Determines the level of support for Fortran standards and extensions to the standards. The values of the suboptions are as follows:

90std: Specifies that the compiler should flag any extensions to the Fortran 90 standard I/O statements and formats as errors.
95std: Specifies that the compiler should flag any extensions to the Fortran 95 standard I/O statements and formats as errors.
extended: Specifies that the compiler should accept all extensions to the Fortran 90 standard and Fortran 95 standard I/O statements and formats.
90ext: Currently, provides the same level of support as the extended suboption. 90ext was the default suboption prior to XL Fortran Version 7.1. However, this suboption is now obsolete, and to avoid problems in the future, you should start using the extended suboption as soon as possible.

To obtain support for items that are part of the Fortran 95 standard and are available in XL Fortran as of Version 7.1 (such as namelist comments), you must specify one of the following suboptions:

95std
extended

The following example contains a Fortran 95 extension (the file specifier is missing from the OPEN statement):

program test1
 
call setrteopts("langlvl=95std")
open(unit=1,access="sequential",form="formatted")
 
10 format(I3)
 
write(1,fmt=10) 123

Specifying langlvl=95std results in a run-time error message.

The following example contains a Fortran 95 feature (namelist comments) that was not part of Fortran 90:

program test2
 
INTEGER I
LOGICAL G
NAMELIST /TODAY/G, I
 
call setrteopts("langlvl=95std:namelist=new")
 
open(unit=2,file="today.new",form="formatted", &
    & access="sequential", status="old")
 
read(2,nml=today)
close(2)
 
end
 
today.new:
 
&TODAY  ! This is a comment
I = 123, G=.true. /

If you specify langlvl=95std, no run-time error message is issued.

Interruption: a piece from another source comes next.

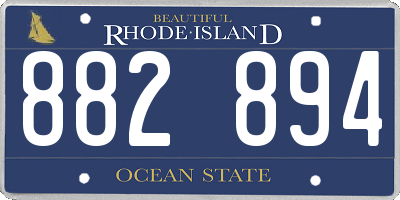 RI license plate 882894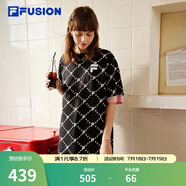 FILA FUSION 斐樂潮牌女子針織連衣裙夏新款寬松潮流運(yùn)動裙子 深黑-BK（寬松版） S 160/80A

However, if you specify langlvl=90std, a run-time error message is issued.

The err_recovery setting determines whether any resulting errors are treated as recoverable or severe.

multconn={yes | no}

Enables you to access the same file through more than one logical unit simultaneously. With this option, you can read more than one location within a file simultaneously without making a copy of the file.

You can only use multiple connections within the same program for files on random-access devices, such as disk drives. In particular, you cannot use multiple connections within the same program for:

Asynchronous I/O
Files on sequential-access devices (such as pipes, terminals, sockets, and tape drives)

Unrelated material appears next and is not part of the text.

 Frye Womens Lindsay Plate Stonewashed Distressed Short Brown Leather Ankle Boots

To avoid the possibility of damaging the file, keep the following points in mind:

The second and subsequent OPEN statements for the same file can only be for reading.
If you initially opened the file for writing, the unit connected to the file by the first OPEN becomes read-only (ACCESS='READ') when the second unit is connected. You must close all of the units that are connected to the file and reopen the first unit to restore write access to it.
Two files are considered to be the same file if they share the same device and i-node numbers. Thus, linked files are considered to be the same file.

multconnio={tty | no }

Enables you to connect a TTY device to more than one logical unit. You can then write to or read from more than one logical unit that is attached to the same TTY device.

Note:: Using this option can produce unpredictable results.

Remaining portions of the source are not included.